I think I have one more pipeline bug to work out...
[6:35 PM] CPLD fully validates. Have not yet tested the frequency limits. But it will be high-enough, I'm sure.
-----SPIBusOp 0x20010d3c (RX)------------ xfer_state COMPLETE err NONE param_len 4 params 0x80 0x01 0x22 0x8f buf_len 34 buf *(0x20010c78) 0x68 0xff 0xff 0xff 0xff 0xff 0xff 0xff 0xff 0xff 0xff 0xff 0xff 0xff 0xff 0xff 0xff 0x3d 0xff 0xff 0xff 0xff 0xff 0xff 0xff 0xff 0xff 0xff
Not all the bytes are shown, because I over-ran my terminal width.

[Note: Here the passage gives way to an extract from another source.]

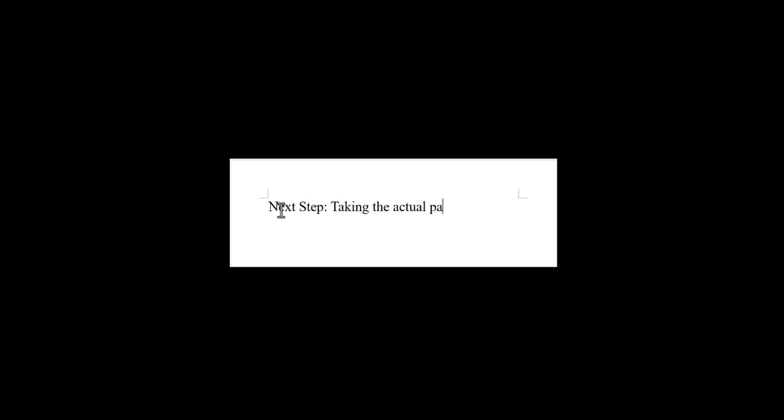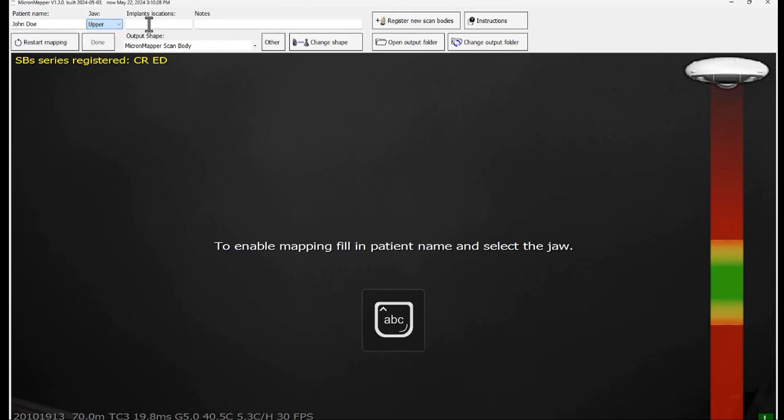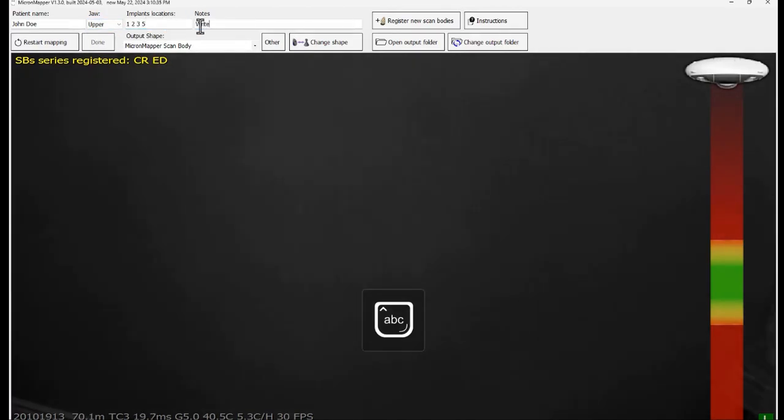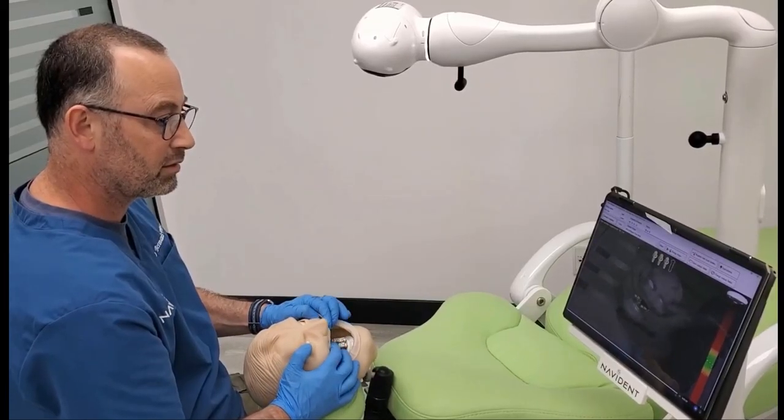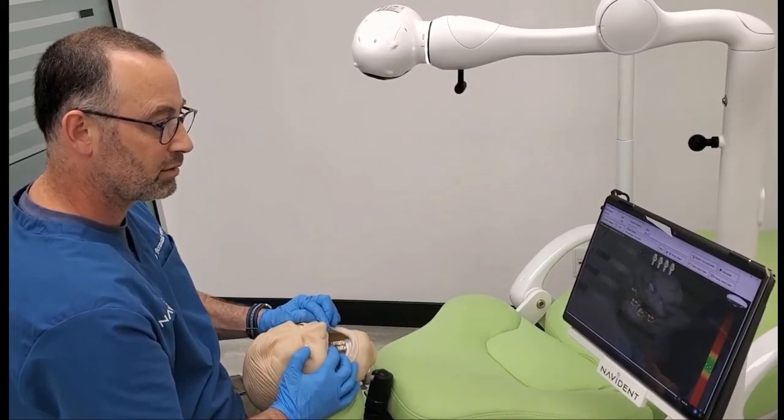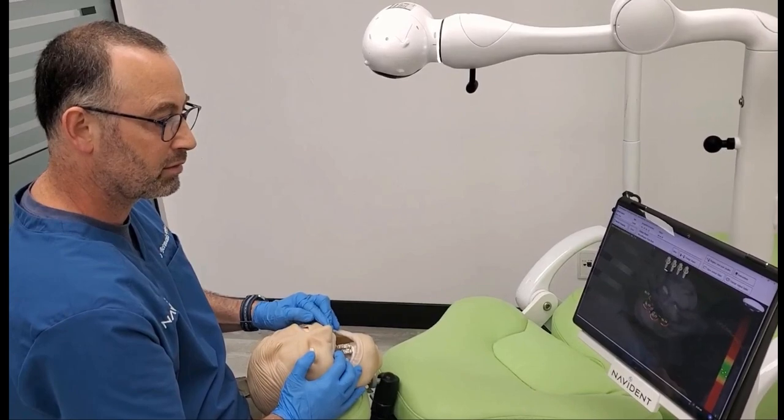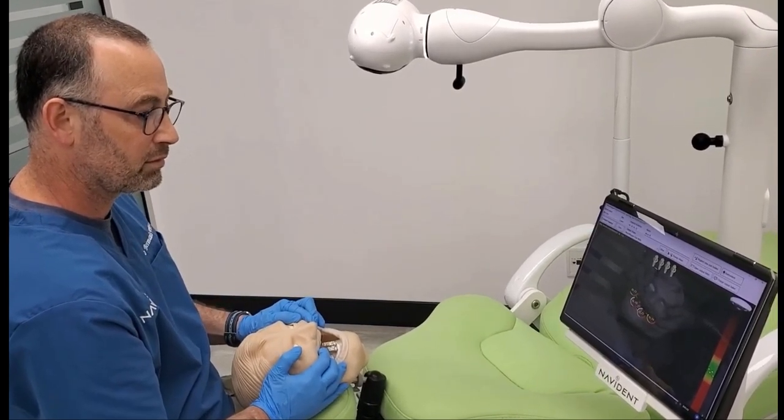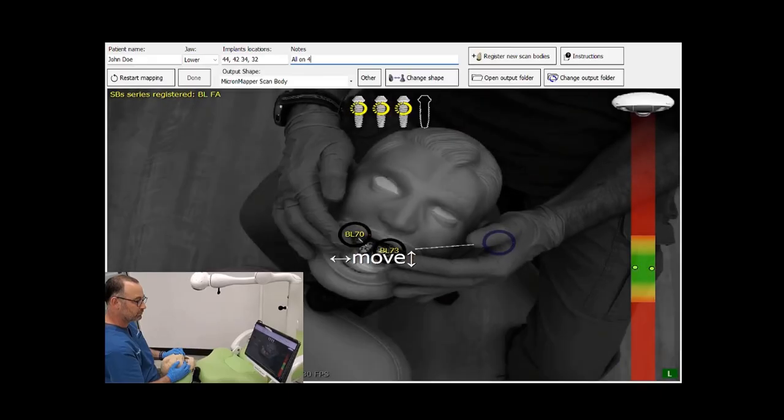The next step is taking the actual patient's photogrammetry scan demonstrated here on a model. Enter the patient's name and select the jaw. You may enter the implants locations and make notes if desired. Position the MT4 camera in the right distance from the patient's mouth and make sure there is a clear line of view between the camera and the scan bodies.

But they just repeat 0xff until the end because there are no digits attached.
All the 0xFF represent gaps in the sensor package.
0x68 (position 0) and 0x3d (position 17) are the main PCB's IMU. Read both in a single bus op.
-- SPI2 (online) -------------------- -- Buffer index: 20 -- IRQ buffer: 1 -- IRQ service: disabled -- _irq_data_0: 00000000000000000018 -- _irq_data_1: 00000000000000000008
Those are the double-buffer IRQ reads. I toggled a bit by writing the config register to simulate an IRQ signal changing. I have verified that this also works with all signals, and that the signals are being faithfully-imported from the digit interface.
I cut some critical slack that was causing quartus to optimize improperly. And that solved the last of the IRQ aggregator problems.
The protocol is one of simple framing.
<Initial-Sensor> <Size-per-sensor> <Sensor-count> <Sensor-register>
...is basically the frame. 4 bytes.
I was able to save ~26 filpflops by cutting the two middle params down to 6-bit. Valid parameters can never exceed those bounds, and supporting them was a waste of precious area.
Total logic elements 550 / 570 ( 96 % ) Total pins 76 / 76 ( 100 % ) UFM blocks 1 / 1 ( 100 % )
We still have 20 flipflops to spend. The CPLD has exactly enough space left over to count to 1 mibi. Which isn't that much.
Going to add some previously-stripped features, increment to CPLD r9, re-burn, validate, and then call it done.
What I wouldn't have given to have these features in the prototype glove... This thing is going to kick so much ass...
[11:16 PM] And that, gentlemen, concludes the development of the CPLD. We are at r9. Committing...
Revision Name DigitabulumCPLD Top-level Entity Name r1-CPLD Device EPM570F100C5 Timing Models Final Total logic elements 553 / 570 ( 97 % ) Total pins 76 / 76 ( 100 % ) UFM blocks 1 / 1 ( 100 % )
CPLD debugging setup
That's the main board with an attached battery on the left. JTAG pod, O-scope and logic probes hooked up to the breadboard on the right.